Ensure that your boat has what it requires and not what it shouldn’t, to produce your trips safe and fun. Doing this 1 job as soon as your boat gets into the water could save you gas money, keep you safe, and make your boating more enjoyable.
Be sure to …
take inventory of what’s aboard from last season and what items you’ll need to bring from storage, replenish from your home and/or purchase. We’ve done this for many years and it works.
It’s recommended to have a complete check list of your inventory so that you can check off the things you have and make note of the thing you need to bring from various locations. That you don’t wish to miss or overlook anything. If you do not have an inventory, consider making one to make use of in 2010 and next. It will make it so much simpler next year.
Make a checklist of whatever you need to have on your own boat supplies . Utilize this checklist every Spring. Each time you put it to use, make it a more complete checklist. This may make inventorying your boat faster and easier…and since the checklist is in some recoverable format and not in your face, it becomes a task you are able to delegate.
No two boats and no two Boaters are the same. With respect to the size and form of your boat in addition to what kind of boating activities you do, your list can vary significantly from other boaters.
Following are some suggestions of areas and items for your check list:
- Check the helm for electronics, charts, binoculars etc. Check the cockpit seats and storage areas for buckets, mops and cleaning supplies.
- Make sure you have the mandatory safety equipment for your size and form of boat— fire extinguishers, flares, jackets, flashlight, bailing bucket, bilge pump, horn, ring buoy, heaving line, flares and other safety equipment. Notonly could it be law to have the required safety equipment for your boat, nonetheless it is also wise practice to possess it in case you need it. It’s safer for you and your crew.
- Check the galley for cutlery, dishes, pots and pans etc. Make sure you have all you need for your type of boating so that you don’t get caught in the midst of meals and not need a corkscrew for the wine or a can opener for the beans. Make note of or remove any old food, soap etc. from last year.
- Check the head for head chemical, cleaning supplies etc.
- Check the room for bedding, clothes etc.
- Check your supply of bug repellent, fly swatters, rain gear and netting.
- Check you canvas. Are the pieces accounted for?
- Check the engine compartment for your supply of oil, spare parts and tools.
- Sailors need certainly to also check their inventory and condition of sails, running rigging, standing rigging, blocks, winches, etc.
- Fishermen would pay close attention to their supply of fishing gear.
- The cruising crowd would check anchors, anchor lines, ice chests and other equipment and supplies related to traveling.
- Cottagers should ensure they’ve ski ropes, skis, boards, extra lines and bungies for securing loads, etc.
- For boaters who trailer their boats everywhere they’re going, important items to inventory are trailering supplies like tie downs, spare lights, wiring, trailer ball etc.

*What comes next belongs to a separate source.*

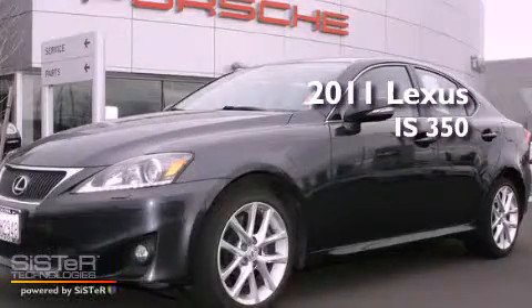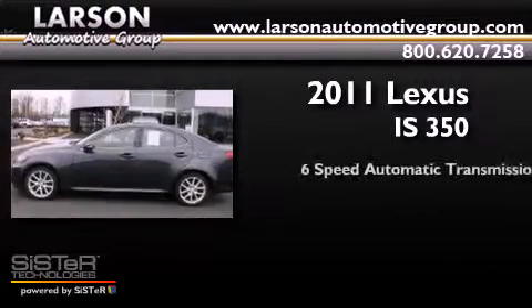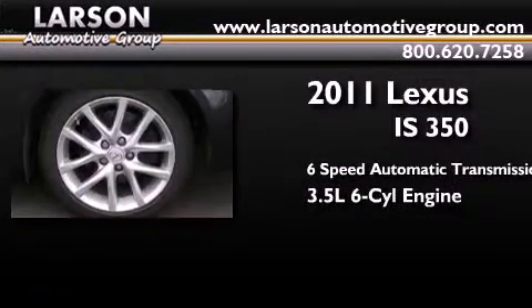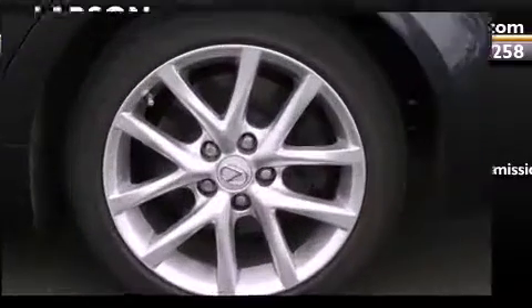This is a 2011 Lexus IS 350. This car has a 6-speed automatic transmission, a 3.5-liter V6, and all-wheel drive.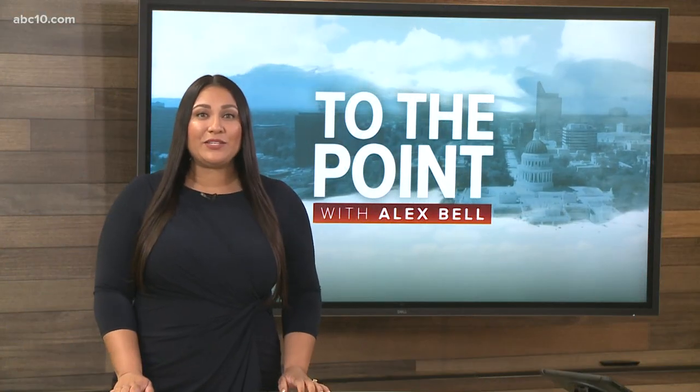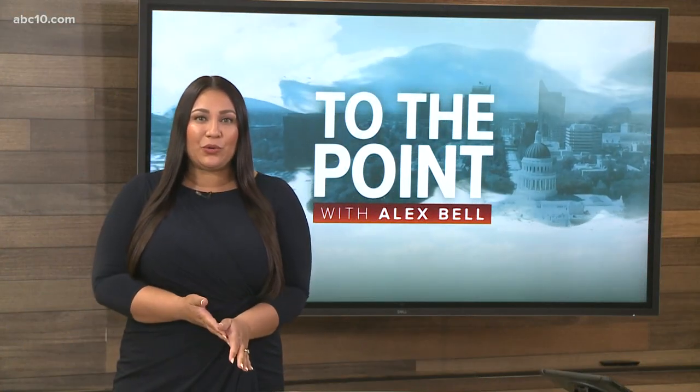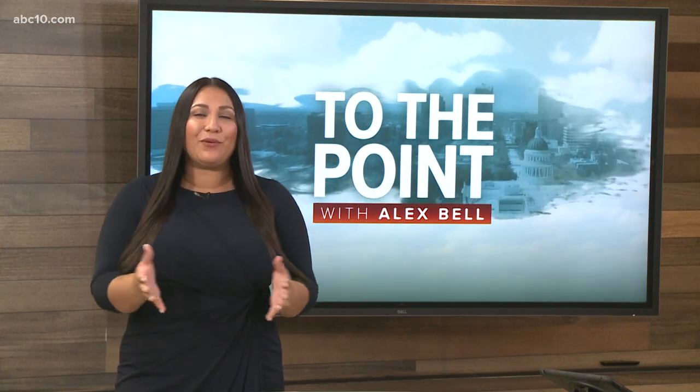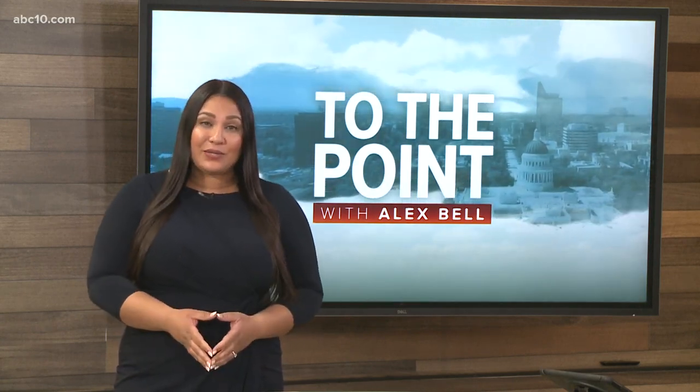Welcome back. I'm Alex Bell, getting to the point and digging deeper into local issues. It's no secret housing and rent prices are just skyrocketing in our area and across the nation.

Boaters who endure an extended cold winter have a custom of stripping their boats at the end of the boating season and then restocking them at the start of the next boating season. You will find great advantages to this ritual come Spring:
- Maximizes space by purging and thinning out items that aren’t really needed aboard.
- Decreases your fuel consumption and cost by removing unwanted weight (like a supplementary case of oil).
- Avoids frustrations and problems developed by missed or misplaced items when you take inventory and know everything you have onboard.
- Enjoy your limited boating time more since there won’t be any bothersome missed details.
So, this week, ensure you have an Inventory checklist for your boat–AND USE IT.